Albany Fonblanque married Caroline Keane. They had a daughter and three sons.

===Education===
Fonblanque was sent to Tonbridge School and then to the Royal Arsenal, Woolwich, to prepare for a career in the Royal Engineers. However, his health fell short and his studies were suspended. On his recovery he studied law, with a view to being called to the bar. At the age of 19 (in 1812), he began writing for newspapers and soon gained attention for the boldness and liberality of his opinions and for the superiority of his style amid what Macaulay, when speaking of him, called the "rant and twaddle" of the daily and weekly press. While he shared in all the political struggles of this eventful period, he also studied classical and political philosophy for at least six hours a day. This regime led to his health breaking down again, but he continued to write regularly for newspapers and reviews and make a reasonable living.

From 1820 to 1830, Fonblanque was employed on the staff of The Times and the Morning Chronicle, whilst contributing to the Examiner to the London Magazine and the Westminster Review.

==The Examiner==
In 1826, Fonblanque became political commentator for The Examiner, a weekly newspaper founded by Leigh and John Hunt in 1808. In 1828 the paper was purchased by Rev. Dr. Fellowes, author of the Religion of the Universe and other works, and given over to Fonblanque's complete control.

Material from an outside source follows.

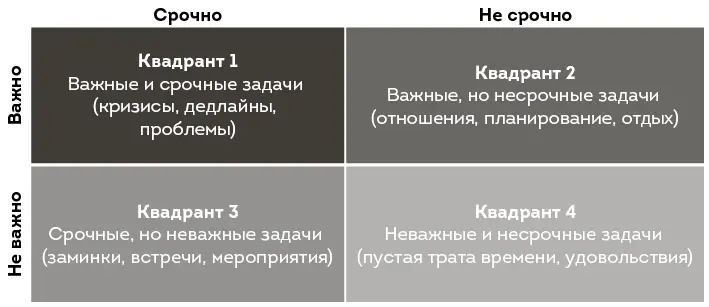 Допустим вы в замешательстве и вам нужно решить в какой из этих квадрантов - фото 1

For 17 years up to 1847, he sustained the high character for political independence and literary ability that The Examiner had gained under the direction of Leigh Hunt and his brother John, and even compelled his political opponents to acknowledge some delight in the boldness and brightness of the wit he directed against them.

When it was proposed that supporters of the paper should facilitate a reduction in its price by paying their subscriptions ten years in advance, they were joined by Edward Bulwer-Lytton and by Benjamin Disraeli, who was then flirting with radicalism. Fonblanque remained at the Examiner despite many offers of other literary employment, resolving to make it a standard of literary excellence in journalism.

Fonblanque entirely took over The Examiner in 1830, serving as editor until 1847. Among the contributors he found were John Stuart Mill, John Forster, William Makepeace Thackeray, and most notably Charles Dickens. Fonblanque wrote the first notice of Sketches by Boz (on 28 February 1836) and of The Pickwick Papers (on 4 September 1836). Forster became the magazine's literary editor in 1835, and succeeded Fonblanque as editor from 1847 to 1855. Fonblanque retained ownership until 1865. The magazine ceased publication in 1886.

===Board of Trade===
Fonblanque was offered the governorship of Nova Scotia; but though greatly interested in colonial matters and using every effort to advocate a more generous political system leading to colonial self-government, he again decided not to abandon his beloved Examiner. In 1847, however, domestic reasons induced him to accept the post of statistical secretary of the Board of Trade. This compelled him to resign from The Examiner, although he continued to contribute to it under the control of John Forster. During the later years of his life Fonblanque took no prominent part in public affairs. He died aged 79. By then he was, as his nephew Edward Fonblanque observed, a man who had lived and toiled in an age gone by, in a cause long since established.

Albany Fonblanque's political activity may be judged from his England under Seven Administrations (1837), which compares the course of social and political events in England from 1826 to 1837. As a journalist, he must be regarded in the light of a reformer.

==Changing attitudes to journalists==
Journalism before Fonblanque's day was seen as a somewhat discreditable profession: men of culture were shy of entering it, lest they be confused with the ruder combatants fighting for public notice. Fonblanque, with his strong and earnest political convictions and exceptional literary ability, did not hesitate to choose the field as one where a politician and a man of letters might usefully and honourably put forth his gifts. A good account of him appears in the Life and Labours of Albany Fonblanque, edited by his nephew, Edward Barrington de Fonblanque (London, 1874). It includes a collection of his articles with a brief biographical notice.